All of the listing must be given again exactly, except that the images are dropped.
(DATASET EXTRACT)
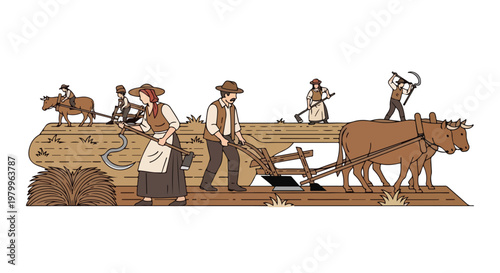 Vintage farm scene with people working in field and oxen plowing land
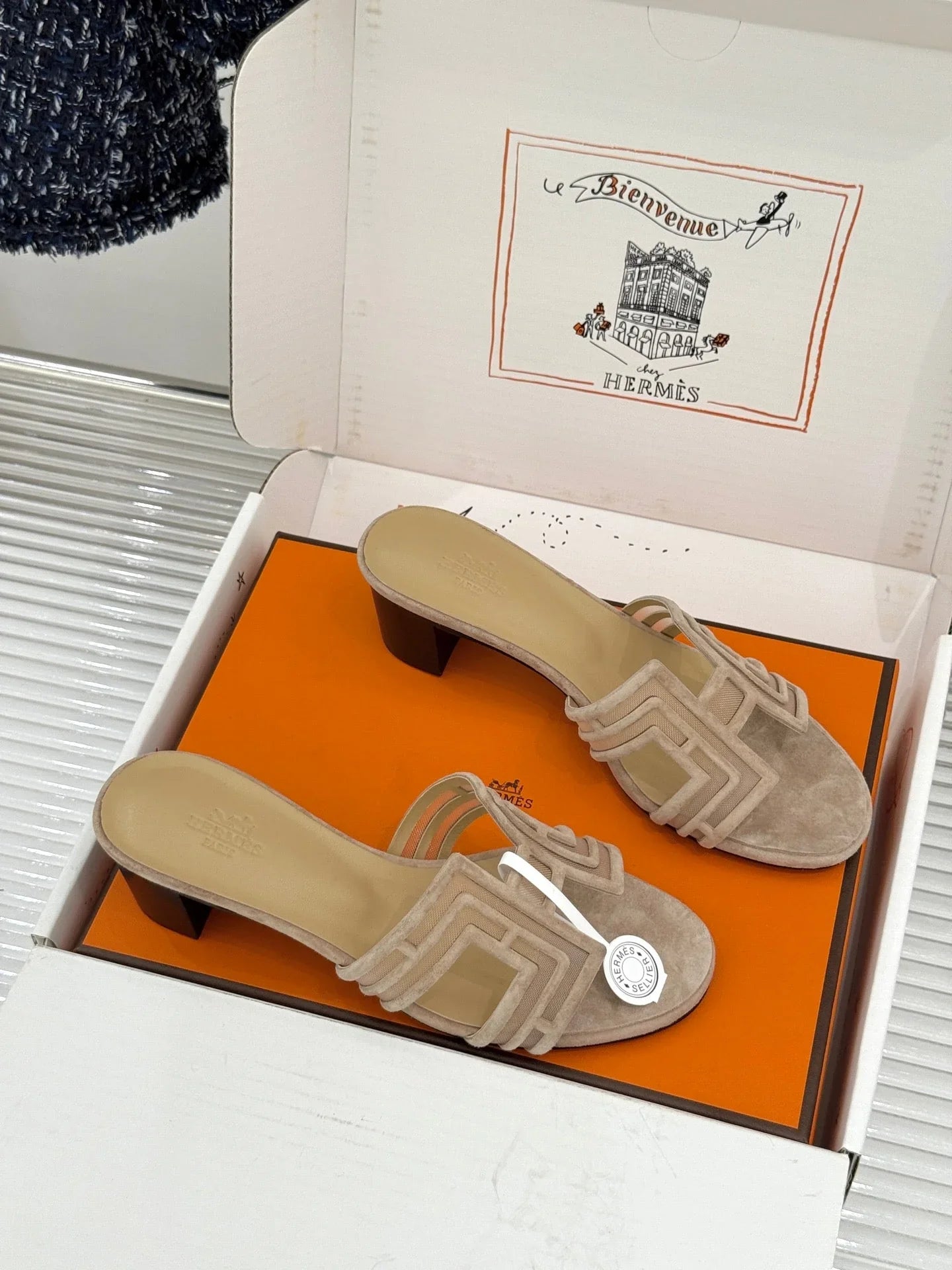 Hermes 2026 Oran Sandal 5cm Suede Mesh 898415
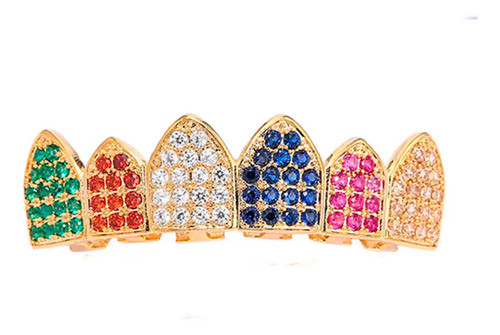 Parrillas Para Dientes Grillz  6ix9ine Strass Baño Oro 14kl 0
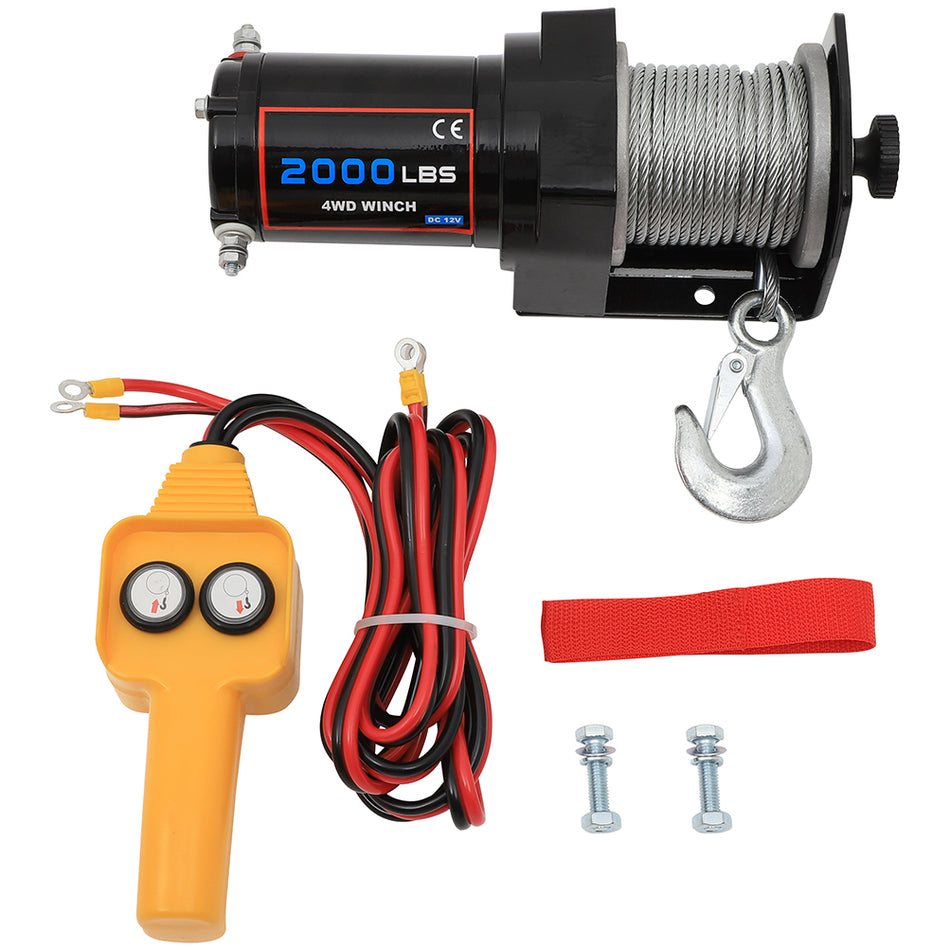 OFA 12V 2000LBS Electric Winch Steel Cable Truck Trailer Towing Off Road 4WD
(End DATASET EXTRACT)
TASK RESULT:
 Vintage farm scene with people working in field and oxen plowing land
 Hermes 2026 Oran Sandal 5cm Suede Mesh 898415
 Parrillas Para Dientes Grillz  6ix9ine Strass Baño Oro 14kl 0
 OFA 12V 2000LBS Electric Winch Steel Cable Truck Trailer Towing Off Road 4WD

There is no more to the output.